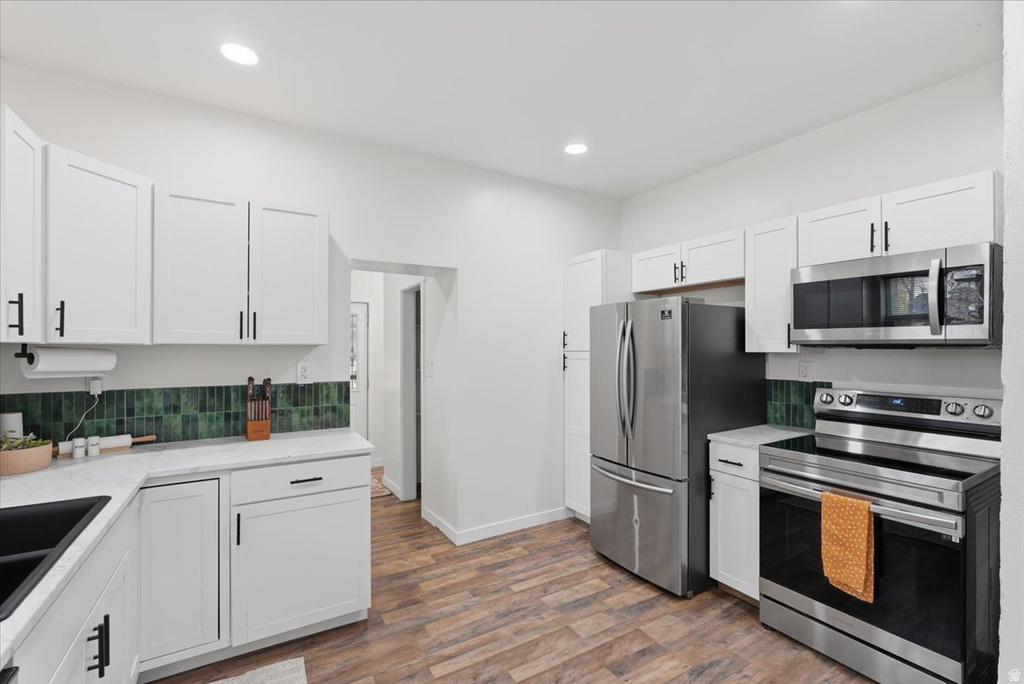 902 27TH ST Ogden, UT 84403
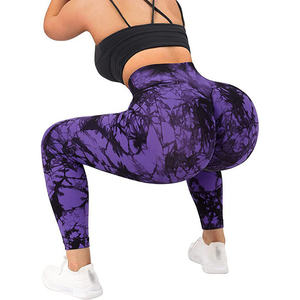 Tela Ligera y Transpirable con Elasticidad en 4 Direcciones para Correr y Ropa Deportiva - Product Image 1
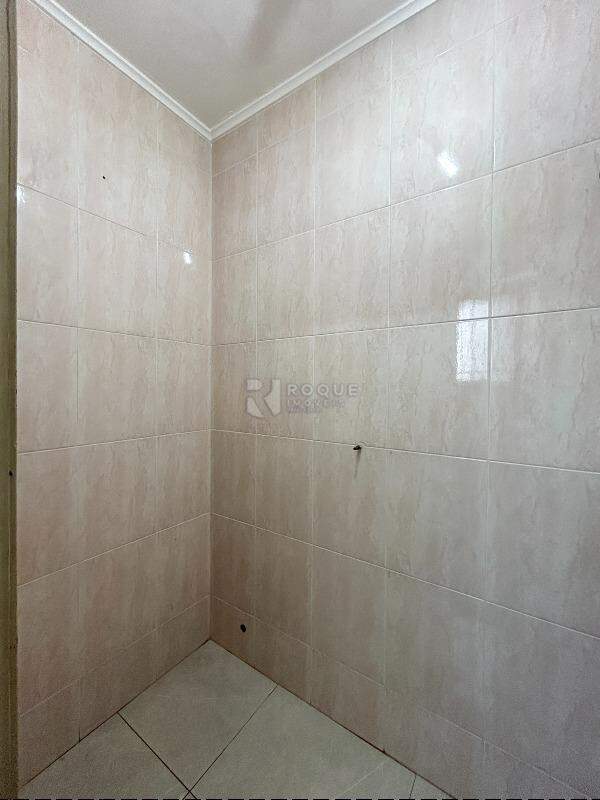 Apartamento para aluguel no bairro Centro: Despensa 
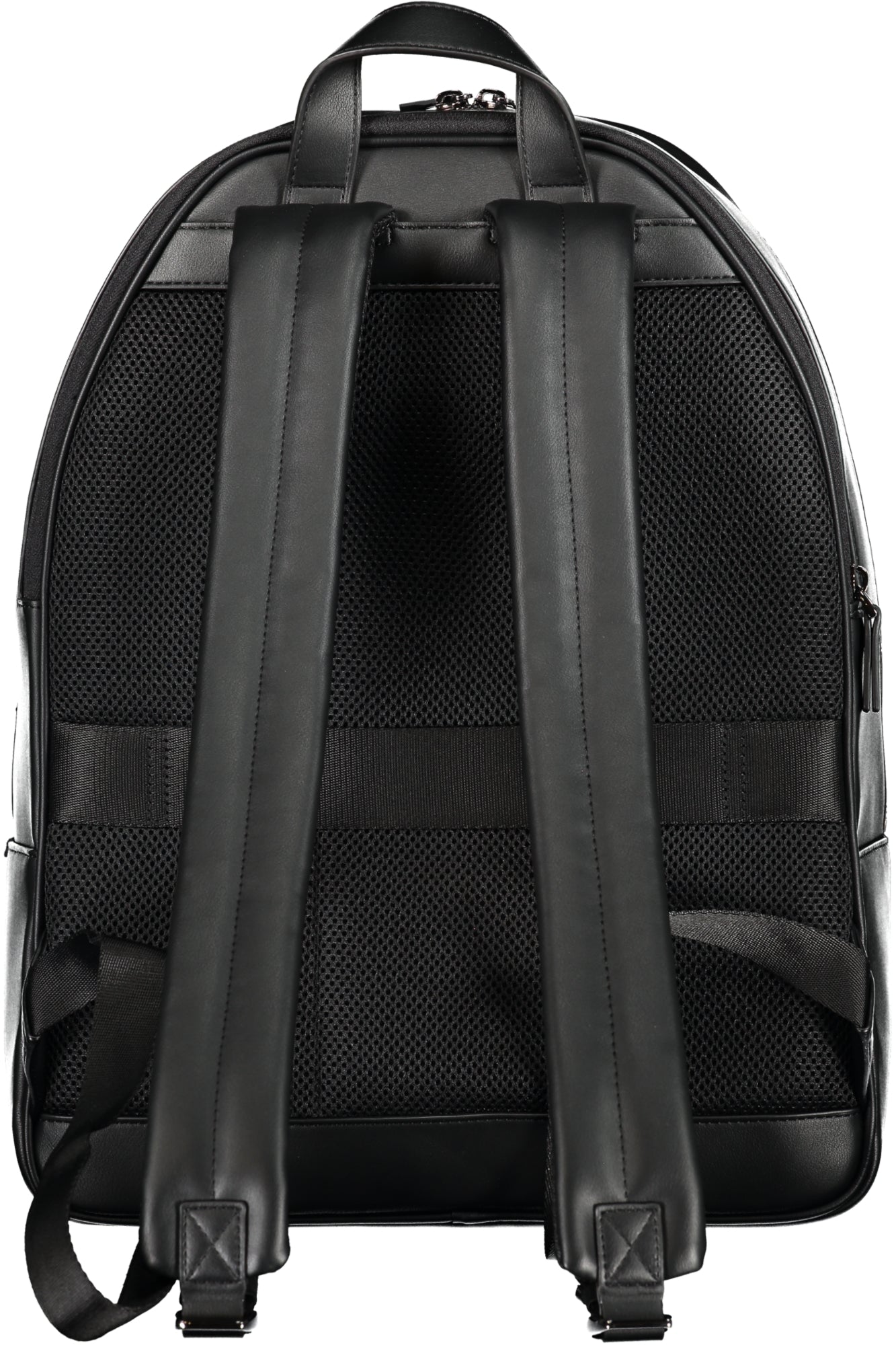 Zaino TOMMY HILFIGER Nero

WHAT IS NEEDED: Write out the whole listing exactly, and drop the pictures.

WORKED SOLUTION:
 902 27TH ST Ogden, UT 84403
 Tela Ligera y Transpirable con Elasticidad en 4 Direcciones para Correr y Ropa Deportiva - Product Image 1
 Apartamento para aluguel no bairro Centro: Despensa 
 Zaino TOMMY HILFIGER Nero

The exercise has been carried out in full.